## Activity
Nothing is to be left out; print all the entries exactly.

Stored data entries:

((

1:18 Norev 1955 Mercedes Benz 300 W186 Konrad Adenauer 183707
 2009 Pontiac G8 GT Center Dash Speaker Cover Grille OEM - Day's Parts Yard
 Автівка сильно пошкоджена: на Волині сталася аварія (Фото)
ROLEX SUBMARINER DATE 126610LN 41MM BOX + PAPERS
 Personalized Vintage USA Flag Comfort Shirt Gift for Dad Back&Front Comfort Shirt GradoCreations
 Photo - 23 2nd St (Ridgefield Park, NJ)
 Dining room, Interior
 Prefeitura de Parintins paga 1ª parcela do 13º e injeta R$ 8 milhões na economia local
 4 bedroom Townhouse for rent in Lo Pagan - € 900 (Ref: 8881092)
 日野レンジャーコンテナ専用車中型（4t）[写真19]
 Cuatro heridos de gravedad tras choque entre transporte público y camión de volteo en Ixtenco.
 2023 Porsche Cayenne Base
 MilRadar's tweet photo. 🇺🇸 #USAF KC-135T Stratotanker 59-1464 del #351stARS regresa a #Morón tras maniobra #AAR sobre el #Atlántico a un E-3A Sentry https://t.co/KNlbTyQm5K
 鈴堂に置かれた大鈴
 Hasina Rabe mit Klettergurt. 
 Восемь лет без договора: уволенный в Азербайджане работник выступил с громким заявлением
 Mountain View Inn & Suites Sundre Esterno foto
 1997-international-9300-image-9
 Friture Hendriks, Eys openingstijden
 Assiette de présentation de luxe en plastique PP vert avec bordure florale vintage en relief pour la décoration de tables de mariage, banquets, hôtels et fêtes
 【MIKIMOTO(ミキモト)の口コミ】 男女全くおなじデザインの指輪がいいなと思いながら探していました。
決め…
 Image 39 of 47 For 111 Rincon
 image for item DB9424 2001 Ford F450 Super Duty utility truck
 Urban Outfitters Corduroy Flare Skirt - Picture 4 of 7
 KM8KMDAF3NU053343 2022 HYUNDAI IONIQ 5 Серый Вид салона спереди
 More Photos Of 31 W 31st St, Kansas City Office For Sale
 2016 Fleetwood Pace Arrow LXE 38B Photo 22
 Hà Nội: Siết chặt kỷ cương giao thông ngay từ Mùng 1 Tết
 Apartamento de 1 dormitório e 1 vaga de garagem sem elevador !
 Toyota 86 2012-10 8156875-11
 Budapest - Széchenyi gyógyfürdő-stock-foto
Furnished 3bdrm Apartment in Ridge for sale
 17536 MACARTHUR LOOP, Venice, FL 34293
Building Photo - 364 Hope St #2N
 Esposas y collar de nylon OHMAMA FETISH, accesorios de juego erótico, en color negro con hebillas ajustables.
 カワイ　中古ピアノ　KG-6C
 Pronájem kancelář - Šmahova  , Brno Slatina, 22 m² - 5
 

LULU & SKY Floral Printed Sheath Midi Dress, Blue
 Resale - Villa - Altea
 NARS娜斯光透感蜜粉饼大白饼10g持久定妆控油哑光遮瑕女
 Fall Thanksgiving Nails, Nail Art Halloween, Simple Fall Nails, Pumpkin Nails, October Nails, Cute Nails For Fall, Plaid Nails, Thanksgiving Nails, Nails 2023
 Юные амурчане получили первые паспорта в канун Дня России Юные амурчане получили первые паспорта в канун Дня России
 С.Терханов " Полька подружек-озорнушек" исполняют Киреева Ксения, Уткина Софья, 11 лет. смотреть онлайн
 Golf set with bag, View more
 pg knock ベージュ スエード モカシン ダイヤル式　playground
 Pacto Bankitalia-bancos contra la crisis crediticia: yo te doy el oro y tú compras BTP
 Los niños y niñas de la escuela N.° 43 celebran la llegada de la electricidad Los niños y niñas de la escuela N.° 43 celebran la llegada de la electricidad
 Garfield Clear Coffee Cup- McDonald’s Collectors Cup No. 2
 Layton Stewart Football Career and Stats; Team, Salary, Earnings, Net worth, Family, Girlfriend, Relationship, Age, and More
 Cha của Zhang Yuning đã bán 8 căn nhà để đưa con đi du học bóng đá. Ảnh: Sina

))

## Response to this exercise
1:18 Norev 1955 Mercedes Benz 300 W186 Konrad Adenauer 183707
 2009 Pontiac G8 GT Center Dash Speaker Cover Grille OEM - Day's Parts Yard
 Автівка сильно пошкоджена: на Волині сталася аварія (Фото)
ROLEX SUBMARINER DATE 126610LN 41MM BOX + PAPERS
 Personalized Vintage USA Flag Comfort Shirt Gift for Dad Back&Front Comfort Shirt GradoCreations
 Photo - 23 2nd St (Ridgefield Park, NJ)
 Dining room, Interior
 Prefeitura de Parintins paga 1ª parcela do 13º e injeta R$ 8 milhões na economia local
 4 bedroom Townhouse for rent in Lo Pagan - € 900 (Ref: 8881092)
 日野レンジャーコンテナ専用車中型（4t）[写真19]
 Cuatro heridos de gravedad tras choque entre transporte público y camión de volteo en Ixtenco.
 2023 Porsche Cayenne Base
 MilRadar's tweet photo. 🇺🇸 #USAF KC-135T Stratotanker 59-1464 del #351stARS regresa a #Morón tras maniobra #AAR sobre el #Atlántico a un E-3A Sentry https://t.co/KNlbTyQm5K
 鈴堂に置かれた大鈴
 Hasina Rabe mit Klettergurt. 
 Восемь лет без договора: уволенный в Азербайджане работник выступил с громким заявлением
 Mountain View Inn & Suites Sundre Esterno foto
 1997-international-9300-image-9
 Friture Hendriks, Eys openingstijden
 Assiette de présentation de luxe en plastique PP vert avec bordure florale vintage en relief pour la décoration de tables de mariage, banquets, hôtels et fêtes
 【MIKIMOTO(ミキモト)の口コミ】 男女全くおなじデザインの指輪がいいなと思いながら探していました。
決め…
 Image 39 of 47 For 111 Rincon
 image for item DB9424 2001 Ford F450 Super Duty utility truck
 Urban Outfitters Corduroy Flare Skirt - Picture 4 of 7
 KM8KMDAF3NU053343 2022 HYUNDAI IONIQ 5 Серый Вид салона спереди
 More Photos Of 31 W 31st St, Kansas City Office For Sale
 2016 Fleetwood Pace Arrow LXE 38B Photo 22
 Hà Nội: Siết chặt kỷ cương giao thông ngay từ Mùng 1 Tết
 Apartamento de 1 dormitório e 1 vaga de garagem sem elevador !
 Toyota 86 2012-10 8156875-11
 Budapest - Széchenyi gyógyfürdő-stock-foto
Furnished 3bdrm Apartment in Ridge for sale
 17536 MACARTHUR LOOP, Venice, FL 34293
Building Photo - 364 Hope St #2N
 Esposas y collar de nylon OHMAMA FETISH, accesorios de juego erótico, en color negro con hebillas ajustables.
 カワイ　中古ピアノ　KG-6C
 Pronájem kancelář - Šmahova  , Brno Slatina, 22 m² - 5
 

LULU & SKY Floral Printed Sheath Midi Dress, Blue
 Resale - Villa - Altea
 NARS娜斯光透感蜜粉饼大白饼10g持久定妆控油哑光遮瑕女
 Fall Thanksgiving Nails, Nail Art Halloween, Simple Fall Nails, Pumpkin Nails, October Nails, Cute Nails For Fall, Plaid Nails, Thanksgiving Nails, Nails 2023
 Юные амурчане получили первые паспорта в канун Дня России Юные амурчане получили первые паспорта в канун Дня России
 С.Терханов " Полька подружек-озорнушек" исполняют Киреева Ксения, Уткина Софья, 11 лет. смотреть онлайн
 Golf set with bag, View more
 pg knock ベージュ スエード モカシン ダイヤル式　playground
 Pacto Bankitalia-bancos contra la crisis crediticia: yo te doy el oro y tú compras BTP
 Los niños y niñas de la escuela N.° 43 celebran la llegada de la electricidad Los niños y niñas de la escuela N.° 43 celebran la llegada de la electricidad
 Garfield Clear Coffee Cup- McDonald’s Collectors Cup No. 2
 Layton Stewart Football Career and Stats; Team, Salary, Earnings, Net worth, Family, Girlfriend, Relationship, Age, and More
 Cha của Zhang Yuning đã bán 8 căn nhà để đưa con đi du học bóng đá. Ảnh: Sina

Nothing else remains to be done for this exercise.